Yeah, the angst continues. The show wasn’t bad, and it held my interest, but I could have done with a lot less of the soapy angst. The teenage variety, in particular, is a pet peeve of mine. I get that shows add teen characters to capture younger viewers, but I’m not the least bit interested in them or their snottiness and drama-filled lives.

I’ve recently started this show as well and just finished the 4th episode.

Agreed on the latency, though I forgave that early on just thinking they’re texts and emails. It really is a lot more interesting watching characters talk rather than read unless they’re Matt Damon.

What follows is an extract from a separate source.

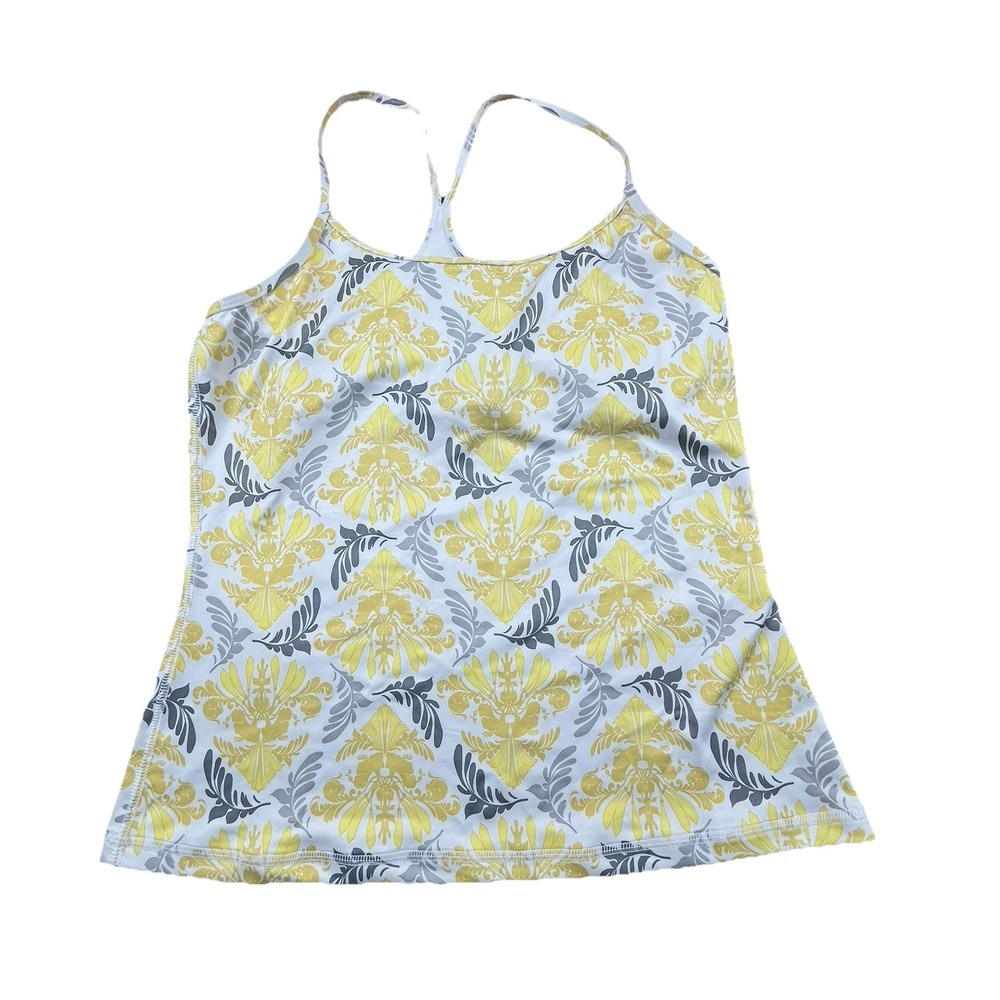 NordicTrack Yoga Tank Top Large Yellow Grey Damask Retro Workout Granola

What I find very difficult to deal with is the crew. These people would have been training together for years. I would understand trying to undermine each other early on in training in order to gain a spot or position on a mission, but not during the mission! Also, it feels like they’re all strangers rather than people who’ve worked together for years preparing for a mission like this. If anybody had questioned Hillary Swank’s competence and leadership she’d have been replaced long long before.

That said, I do understand the angst at the Moon when her husband became ill. They knew that was a possibility which is why they had their friend already in place. If she’d been actively flying at that time there’d be no decision to make as they’d just run with the plan in place. But she was at a point where she actually had an option so I understand that she’d have to make a conscious decision.

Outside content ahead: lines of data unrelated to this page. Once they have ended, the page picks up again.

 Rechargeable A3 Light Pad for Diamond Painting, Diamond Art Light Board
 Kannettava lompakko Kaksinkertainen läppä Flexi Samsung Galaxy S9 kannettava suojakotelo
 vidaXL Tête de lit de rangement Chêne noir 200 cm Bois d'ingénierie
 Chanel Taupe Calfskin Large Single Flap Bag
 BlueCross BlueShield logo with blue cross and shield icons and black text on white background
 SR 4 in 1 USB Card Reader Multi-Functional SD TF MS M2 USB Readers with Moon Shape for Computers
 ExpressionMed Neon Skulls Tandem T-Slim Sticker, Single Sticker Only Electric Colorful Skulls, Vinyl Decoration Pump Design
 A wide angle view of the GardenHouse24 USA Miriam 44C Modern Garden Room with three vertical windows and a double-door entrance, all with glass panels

I’m still watching as there are enough things to keep me coming back, but I think this will be a largely forgettable series after I finish.

I watched the whole thing and mostly liked it. The latency wasn’t a deal-breaker for me, I just went with they “they edited it out” attitude, though the “Today is the LAST DAY WE CAN TALK” as an absolute cutoff was a bit odd. So yesterday you have to wait 21 seconds, today it’s 22, and that’s the cutoff?

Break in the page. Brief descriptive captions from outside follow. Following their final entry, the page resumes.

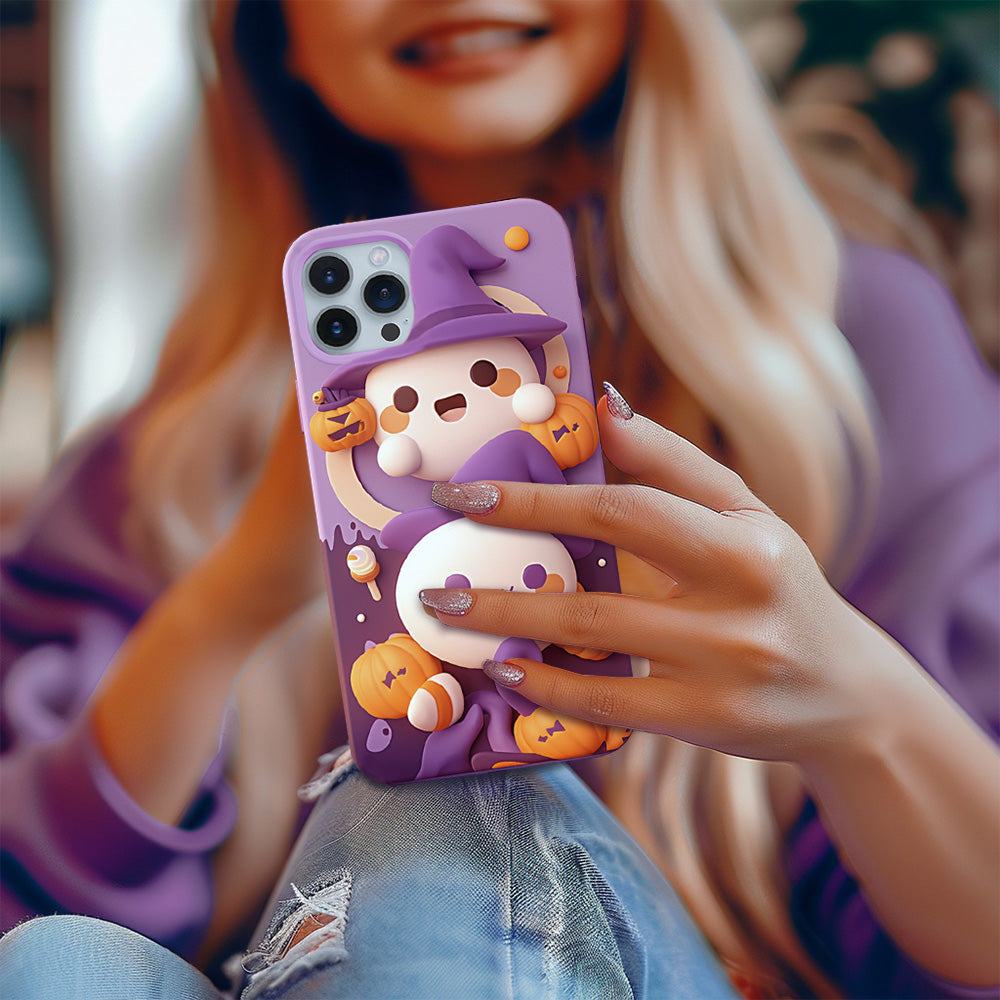 Halloween Ghost  and Pumpkin Phone Case,iPhone,Samsung,Google Pixel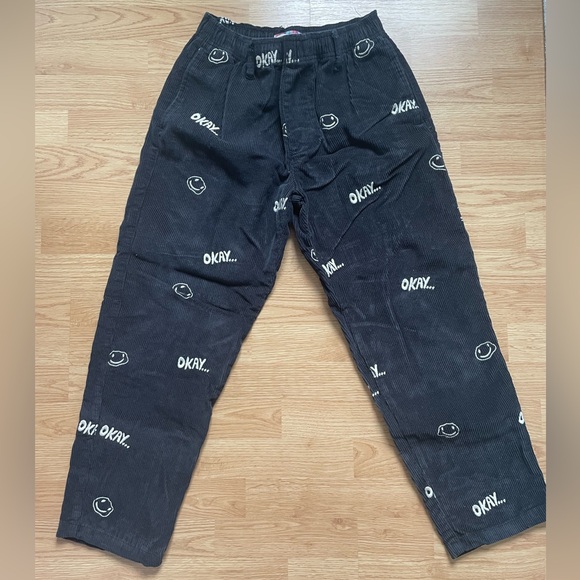 Urban Outfitters Corduroy Style Pants Okay Smiley Face - Picture 1 of 6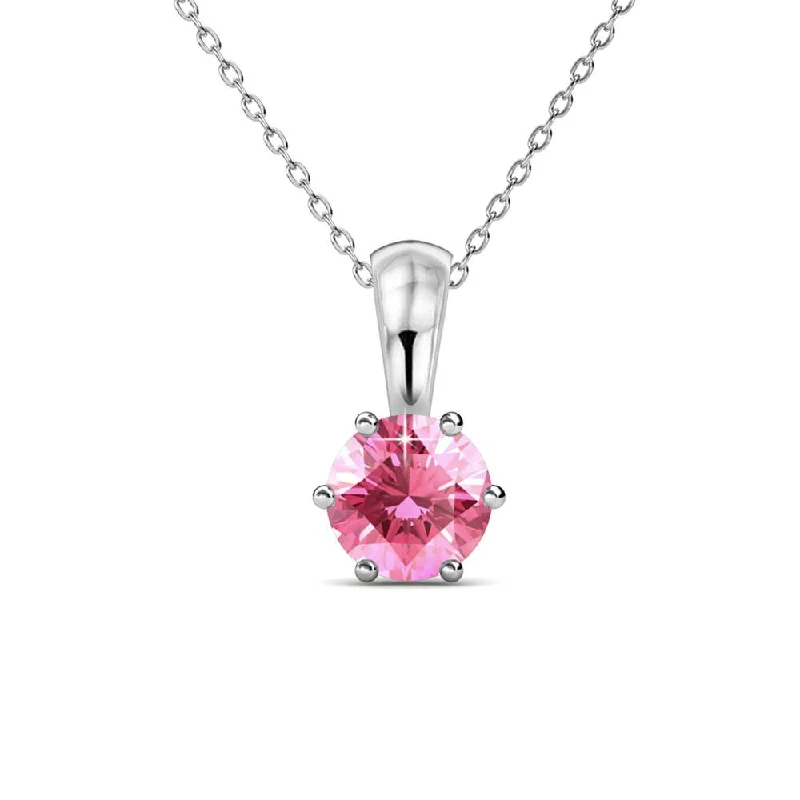 October Birthstone Pink Tourmaline Necklace 18k White Gold Plated Solitaire Necklace with 1CT Swarovski Crystal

The botanist being a total newbie was bizarre as hell. No WAY would they have done that. I mean, yeah, most missions prior to a Mars trip would not have had a need for a botanist - except maybe to establish some garden areas on the moon, but still… they’d at least have wanted to send the person up on a short trip to make sure he didn’t go bugfuck in space, or be violently space-sick the whole time, or whatever.

The technical issues seem to have been added just to create drama - the bit with the solar panel not unfolding and the untethered walk, the water recycler. That kind of thing would seem to be very much a plug-and-play module, rather than requiring tons of disassembling / rerouting. Unplug an inbound feeder pipe and outbound clean-water pipe, swap it out, reconnect, and done.

It occurs to me that they could have tried dumping fresh urine on the plants they had to let die, too - I know undiluted urine isn’t great, but it’s better than nothing, and it’s not like the recycler would have been able to process that pee. I do hope they had plant seeds along as well, to at least try to recover that portion of the fellow’s mission - otherwise he’s suddenly 100% useless. Might as well kill him and save his water ration for everyone else. At least in The Martian, Watney was trained to do a bunch of other stuff.

The space blindness was a new thing to me - I’d never heard of such a thing but it’s a real concern. It’s not clear whether Misha’s eyes would improve once he’s in some gravity; the reports of actual cases of vision impairment among astronauts on the ISS don’t address that.

I did not follow the whole “spacewalk, collect ice crystals” logic. As far as i could tell, the plan was “drill a hole, the water will sublime/freeze and stick to our suits, then we’ll scrape it off”, right? Seems like there’d be a slightly more reliable way to collect the water than that, even if it did require going outside and drilling a hole.